Portabella Tacos with Spicy Cabbage Slaw

  • Prep 30 min
  • Total 30 min
  • Servings 4

Ingredients

Spicy Cabbage Slaw

  • 1 cup shredded red cabbage
  • 2 tablespoons lime juice
  • 1 tablespoon finely chopped chipotle chiles in adobo sauce (from 7-oz can)
  • 1 tablespoon sour cream
  • 1/8 teaspoon salt

Tacos

  • 8 taco shells from 1 box (4.6 oz) Old El Paso™ Crunchy Taco Shells (12 Count)
  • 1 tablespoon olive oil
  • 4 portabella mushroom caps, cut into 1/4-inch slices
  • 1/2 medium onion, cut into 1/4-inch slices
  • 1 teaspoon chili powder
  • 1/2 teaspoon Montreal steak grill seasoning
  • 1 avocado, pitted, peeled and sliced

Steps

  • 1
    In small bowl, mix all slaw ingredients; set aside.
  • 2
    Heat taco shells as directed on box.
  • 3
    Meanwhile, in large skillet, heat oil over medium-high heat. Cook mushrooms in oil 3 to 5 minutes, stirring occasionally, until they begin to brown. Add onion; cook 2 to 3 minutes longer. Stir in chili powder and grill seasoning.
  • 4
    To serve, spoon mushroom mixture into warmed taco shells; top with avocado slices and spicy cabbage slaw.
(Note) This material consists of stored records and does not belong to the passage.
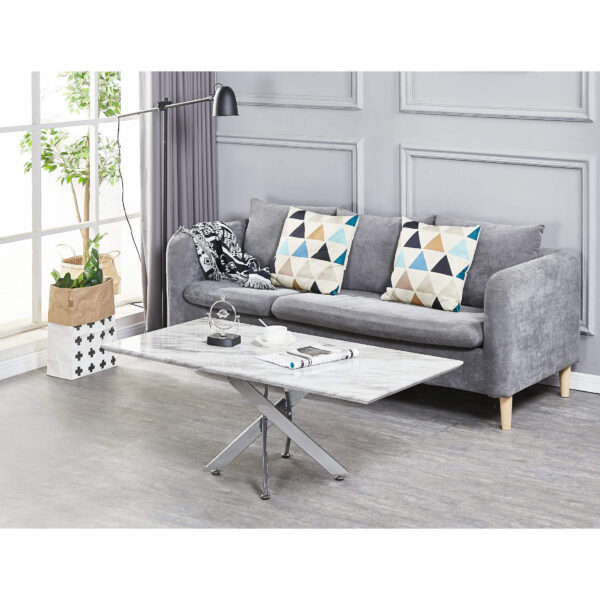 Scimitar Marble Coffee Table with Silver Legs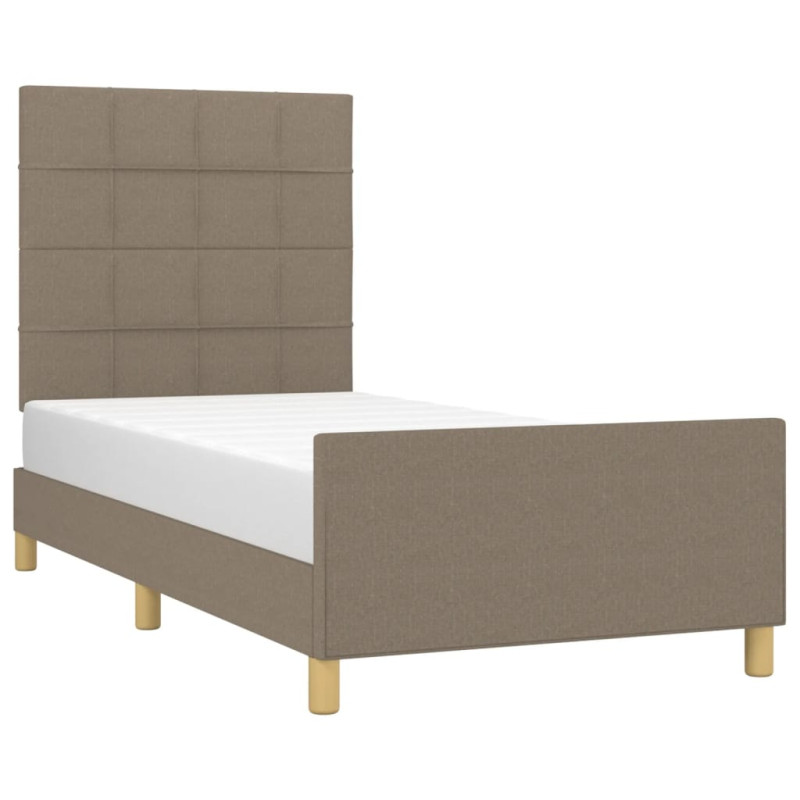 Rama łóżka bez materaca, taupe, 100x200 cm, obita tkaniną
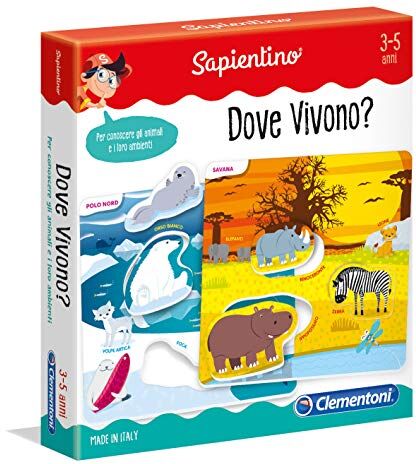 Clementoni Sapientino Dove Vivono?, tessere a incastro animali, gioco educativo 3 anni con schede illustrate, gioco di associazione, Made in Italy,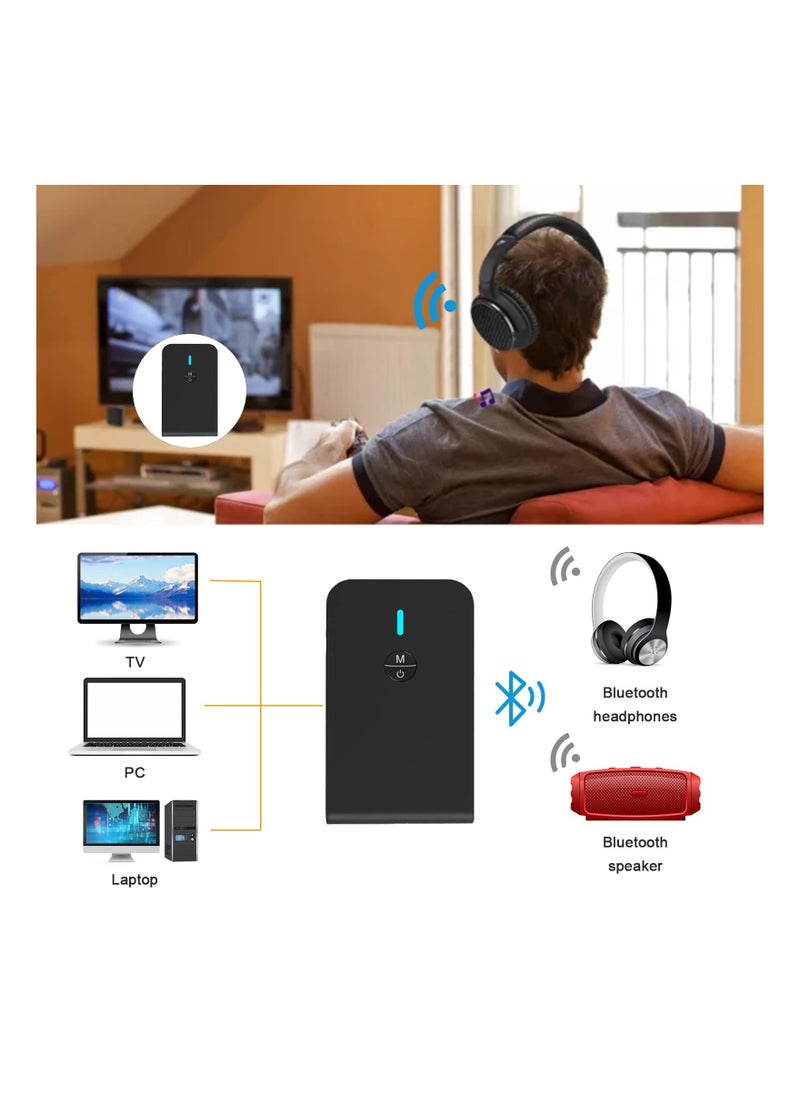 SYOSI - Bluetooth 5.0 Transmitter and Receiver, 3-in-1 Wireless Bluetooth Adapter, 3.5mm Bluetooth Audio Adapter for TV, PC, Headphones, Car Sound System, Speakers, Mini Portable, Low Latency(Black) - Image 1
  • This same slaw is perfect on our Sweet-and-Sour Portabella Sliders, so you can keep those ingredients on hand to make a different recipe another night.
  • Replace the spicy cabbage slaw with finely shredded iceberg lettuce, diced tomato and sour cream for a mild taco, perfect for kids.
  • Make chicken-mushroom tacos by adding 1/2 to 1 cup of diced or shredded cooked chicken. Add after the onion and heat until mixture is hot.